現場職員の通信機から笛の音に合わせ『わっしょい、わっしょい』と威勢の良い江戸っ子達の掛け声を拾う。
安曇はその光景を見て愕然とする。
「この非常事態に神輿を担いでいる場合か?」
鬼課長は冷めた表情で映像の祭りを眺めながら言う。
「ジャマーが見えないので仕方ないでしょう。危機が見えないと言うのはある意味、幸福な事です。むしろ見えていたら都市はパニックを起こした一般人で壊滅します」
再び無線が入った。
『こちら戦車班、言問橋動きません』
『同じく吾妻橋、動きません。

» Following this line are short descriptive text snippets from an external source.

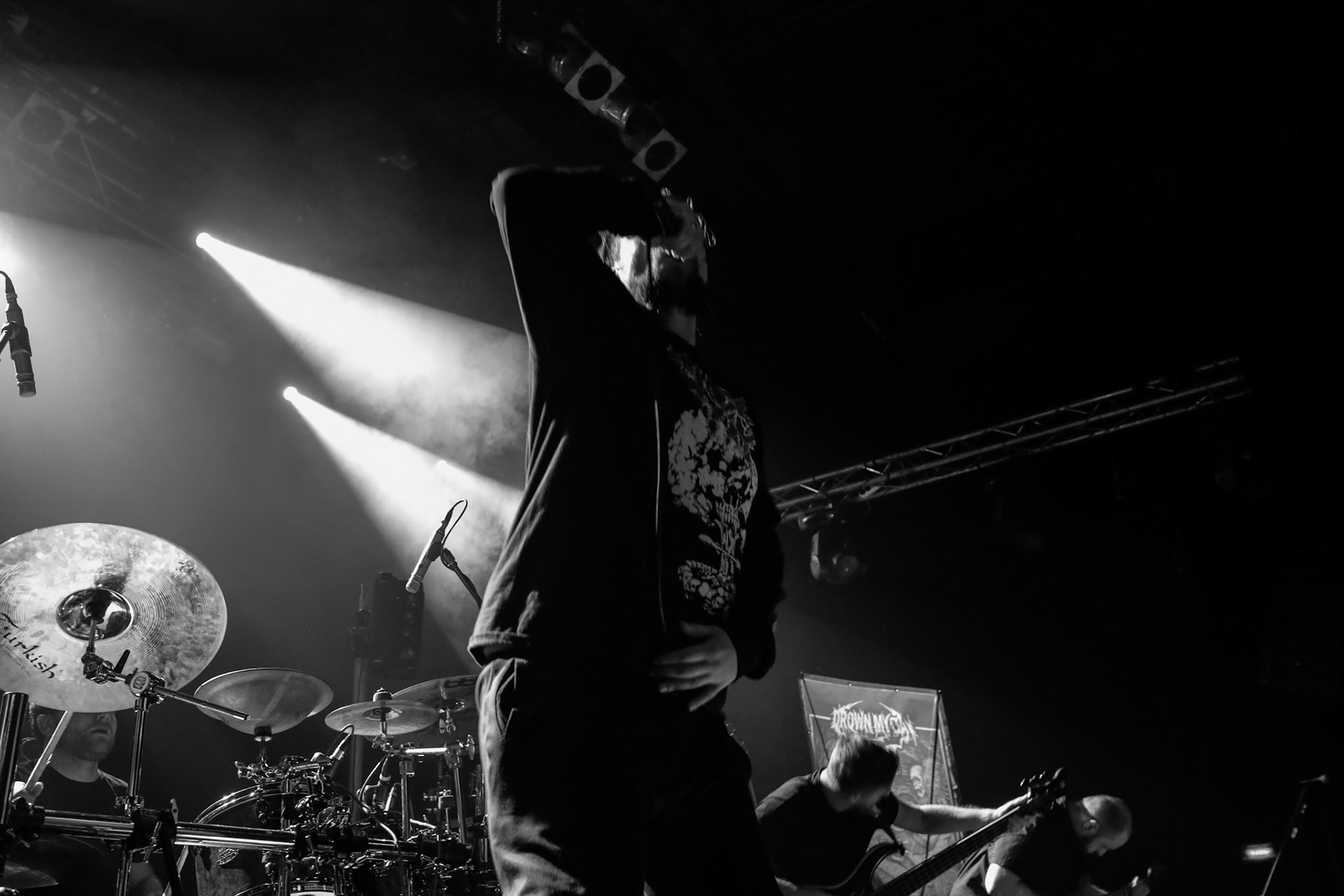 30.11.2018 Knock Out Tour 2018 - Warszawa Progresja - DROWN MY DAY deathcore, metalcore, death metal, 

Maciek "Groov" Korczak wokal, 
Arkadiusz Antosz gitara basowa, 
Sergiusz Smolnicki gitara, 
Sławomir Wojtas gitara, 
Kuba Homik perkusja, fot. Andrzej Wasilkiewicz/Reporter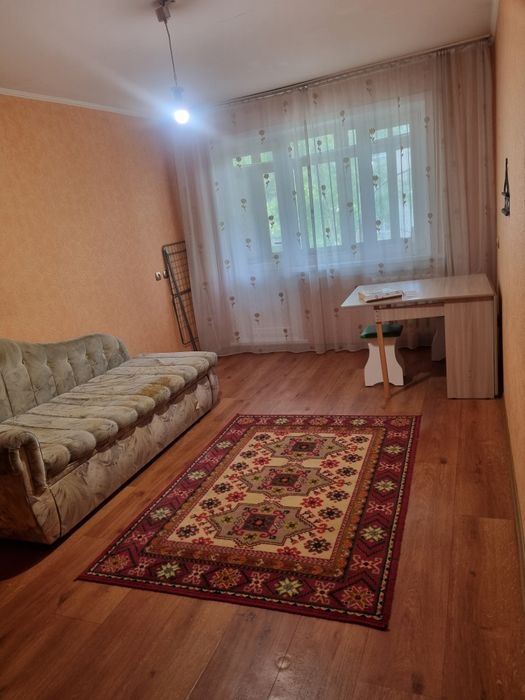 Сдам 2 ком квартиру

定刻を過ぎます』
焦る安曇は思わず苛立ちを口に出し怒鳴る。
「何やってる! 時間が無い、グズは困るんだ!」
室内の苛立ちは本部職員達の間に伝染病のように蔓延していき報告の語気が皆、強くなり、常に怒号が響くようになった。
女性オペレーターが室内に響くように声を発する。
「目標に動き有り! スプリアスが増大して行きます!」
安曇を含めこの場に居る全員がモニターに目を向ける。
イルミンスールは赤い花をゆっくり回転させると花びらから金色に光る粒子をまき散らした。粒子は薄暗い空に漂い墨田区を輝かせる。

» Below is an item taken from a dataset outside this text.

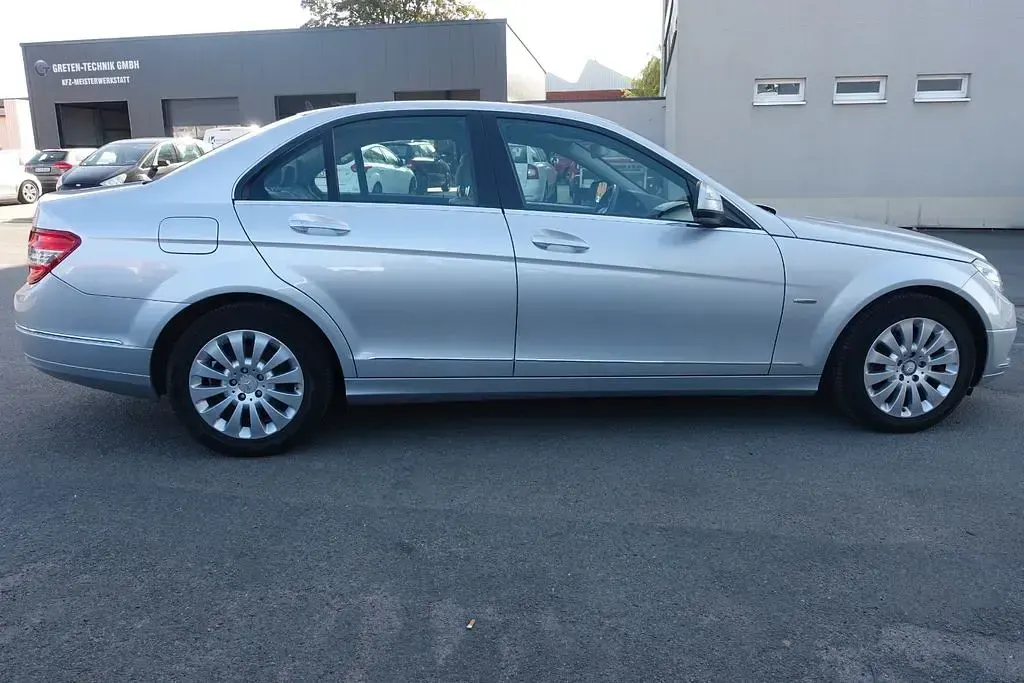 Gebraucht Mercedes C180 156 PS (114 kW) 2008 Silber Limousine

本部職員は皆、雪原に起きるダイヤモンドダストを見ているようで目を奪われ戦場のような室内は動きを止め不気味な静寂が流れた。
オペレーターが切迫した声で報告する。
「東京二十三区内の基地局が乗っ取られました!」
モニターに映る東京二十三区のCGモデルが墨田区から始まり次々と赤く色が変わる。
「イルミンスールが放つ電磁波の影響で都市機能が低下して行きます! 計算では午後八時以降から東京各所で停電が起こり全ての交通、医療施設が機能を停止します」
安曇は憤りを感じながら言う。
「電波ジャック、地震、停電……これじゃ、東京都民を人質に取られたのと同じじゃないか」
突然、目の前のモニターが青く切り替わり『Nо signal』と表示された。
今まで見ていた映像が突然途絶えたことで事態が呑み込めない安曇がオペレーターに聞く。